Properties of $\sum _{l=0}^{\infty } \left( -1 \right) ^{l}{m+l-1\choose l} \left( 2 \,{\frac {l}{m}}+1 \right) ^{1-\nu}$ The sums defined by:
$$
S(m,\nu):=\sum _{l=0}^{\infty } \left( -1 \right) ^{l}{m+l-1\choose l} \left( {\frac {2
\,l}{m}}+1 \right) ^{1-\nu}
$$
are divergent.
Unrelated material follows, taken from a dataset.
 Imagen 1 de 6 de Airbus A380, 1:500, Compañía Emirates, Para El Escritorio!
However they can be Abel-regularised as
$$
s(m,\nu):=\lim _{x\rightarrow 1^{-}}\sum _{l=0}^{\infty } \left( -1 \right) ^{l}
{m+l-1\choose l} \left( {\frac {2\,l}{m}}+1 \right) ^{1-\nu}{x}^{l}
$$
Numerical and graphical evidence (see figure below) suggest that for all integer $m\geq 1$ and $\forall\nu\in\mathbb{R}^{+}$, we have the following properties:
$$s(m,\nu)\geq 0,$$
$$s(m,\nu)\geq s(m+1,\nu),$$ and
$$\lim_{\nu\rightarrow\infty}s(m,\nu)=1.$$
Apart from the obvious case, where $\nu=1$, I have absolutely no idea on how to prove this. Are these relations known or does anyone know how to prove it? Any reference or hints are welcome.
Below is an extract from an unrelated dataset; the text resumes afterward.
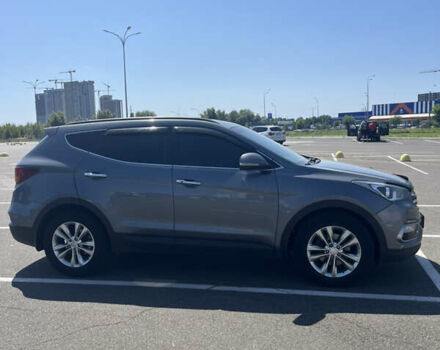 Серый Хендай Санта Фе, объемом двигателя 2.2 л и пробегом 178 тыс. км за 20900 $, фото 1 на Automoto.ua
Thank you very much in advance.
 A: The claim regarding $\nu\to\infty$ holds trivially, since $S(m,\nu)$ is absolutely convergent if $\nu>m+1$, and then the limit can be taken termwise (decrease in absolute value w.r.t. $\nu$ $\implies$ DCT).
As for the rest, the following integral representation(s) of $s(m,\nu)$ may be useful.
If $\nu>1$ (or even $\Re\nu>1$) then, using $$\int_0^\infty t^{a-1}e^{-bt}\,dt=\Gamma(a)b^{-a}\qquad(\Re a,\Re b>0)\tag{1}$$ with $a=\nu-1$ and $b=1+2l/m$, and the binomial series $$\sum_{l=0}^\infty\binom{m+l-1}{l}z^l=(1-z)^{-m},\qquad(|z|<1)\tag{2}$$ we obtain
\begin{align*}
s(m,\nu)&=\lim_{x\to1^-}\sum_{l=0}^\infty(-x)^l\binom{m+l-1}{l}\left(1+\frac{2l}{m}\right)^{1-\nu}
\\\color{gray}{(1)}\quad&=\lim_{x\to1^-}\sum_{l=0}^\infty(-x)^l\binom{m+l-1}{l}\frac1{\Gamma(\nu-1)}\int_0^\infty t^{\nu-2}e^{-(1+2l/m)t}\,dt
\\&=\frac1{\Gamma(\nu-1)}\lim_{x\to1^-}\int_0^\infty t^{\nu-2}e^{-t}\sum_{l=0}^\infty\binom{m+l-1}{l}(-xe^{-2t/m})^l\,dt
\\\color{gray}{(2)}\quad&=\frac1{\Gamma(\nu-1)}\lim_{x\to1^-}\int_0^\infty t^{\nu-2}e^{-t}(1+xe^{-2t/m})^{-m}\,dt
\\&=\frac1{\Gamma(\nu-1)}\int_0^\infty\frac{t^{\nu-2}\,dt}{(e^{t/m}+e^{-t/m})^m}.
\end{align*}
I would try this approach to show the decrease of $m\mapsto s(m,\nu)$. [Looks pretty good, and allows an easy asymptotic analysis of $m\to\infty$ by the way.] Also, integration by parts gives $$s(m,\nu)=\frac{1}{\Gamma(\nu)}\int_0^\infty t^{\nu-1}\frac{e^{t/m}-e^{-t/m}}{(e^{t/m}+e^{-t/m})^{m+1}}\,dt,$$ applicable for $\nu>0$ (or $\Re\nu>0$).